The transition
The Navy is preparing an environmental impact study anticipating the transition of seven FA-18E/F squadrons to F-35C Lightning II Joint Strike Fighter squadrons at Naval Air Station Oceana or Naval Air Station Lemoore in California between 2028-2039. The EIS will examine the transition’s potential impacts on topics delineating natural/manmade resources, air/water quality, public health and safety.
The EIS is federally mandated. Relevance depends on the degree transition infrastructure would alter the environmental status quo at each base and its surrounding area. F-35C aircrafts initially arrived at NAS Lemoore in early 2017. Additional infrastructure is not likely to have substantial environmental impacts since the base is remote and the area is sparsely populated. Presumably, the Oceana EIS will evaluate transition requirements employing the existing F-18 infrastructure. New and marginal changes may not collectively cause environmental concerns for the base or the surrounding highly developed urban area.
The study’s outcome will recognize transition requirements at the bases and ensure both are compliant with federal standards. Operational considerations that least affect the Navy’s strike fighter modernization program’s East or West Coast growth and flexibility objectives would, ultimately, sway the transition decision. Encroachment at Oceana could be problematic, indicating the necessity for political collaboration.
U.S. Rep. Jen Kiggans introduced H Res 572 in July, urging the Navy to send F-35Cs to Oceana. Virginia Sens. Mark Warner and Tim Kaine should work with the congresswoman. New-York Daily Tribune publisher Horace Greeley once advised a young newspaper correspondent to “Go West.” Absent timely and effective bipartisanship on behalf of NAS Oceana and Virginia, the F-35C squadrons could, indeed, go west as well.

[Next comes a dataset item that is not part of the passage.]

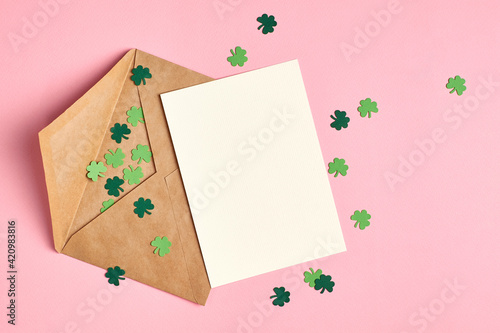 Saint Patricks day greeting card mockup with green paper shamrock on pink background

Herb Kline, Virginia Beach
Elections matter
Elections can decide whether a nation is free or not, whether there is consent to govern or not and whether the government is free or arbitrary. There’s a reason some states are high tax and others low, one has ordered liberty (constitutional republic) and another has open borders and sanctuary cities (arbitrary). One is for “life, liberty and the pursuit of happiness” and the other is for unelected/unlimited regulatory and judicial control, court packing and late-term abortions.
This week the Virginia legislature is moving to put state constitutional amendments on the ballot in November. One amendment is the right to dictate the human right to life based solely on dependence, location, age and whim.
How can so many fine Americans vote for this? It starts with ideologically driven education. Late-term abortions violate the Tao, a sort of universal objective ecology of morality. Will our Virginia representatives in Richmond vote their conscience?
Peter G. Wales, Virginia Beach
Maduro’s fate
The question of accountability for Venezuela’s prolonged suffering deserves careful and inclusive public discussion. As international debate continues over whether deposed President Nicolás Maduro should face proceedings before the International Criminal Court, it is also worth asking whether U.S. courts, or other international legal mechanisms, have a role to play. For years, the Venezuelan people have endured economic collapse, shortages of food and medicine, political repression and widespread human rights violations. Millions were forced to flee the country, leaving behind families, careers and a sense of home. Their voices, shaped by exile and loss, are essential in determining whether international or U.S.-based judicial action is appropriate and what justice should look like.
At the same time, balance requires listening to Venezuelans who never left. Those who remained live daily with scarcity, fear and uncertainty, often without the option of escape. Their perspective, formed through endurance rather than displacement, is equally vital to any serious discussion of accountability.
Before deciding Maduro’s fate, the international community should first ask Venezuelans what justice, accountability and healing mean to them.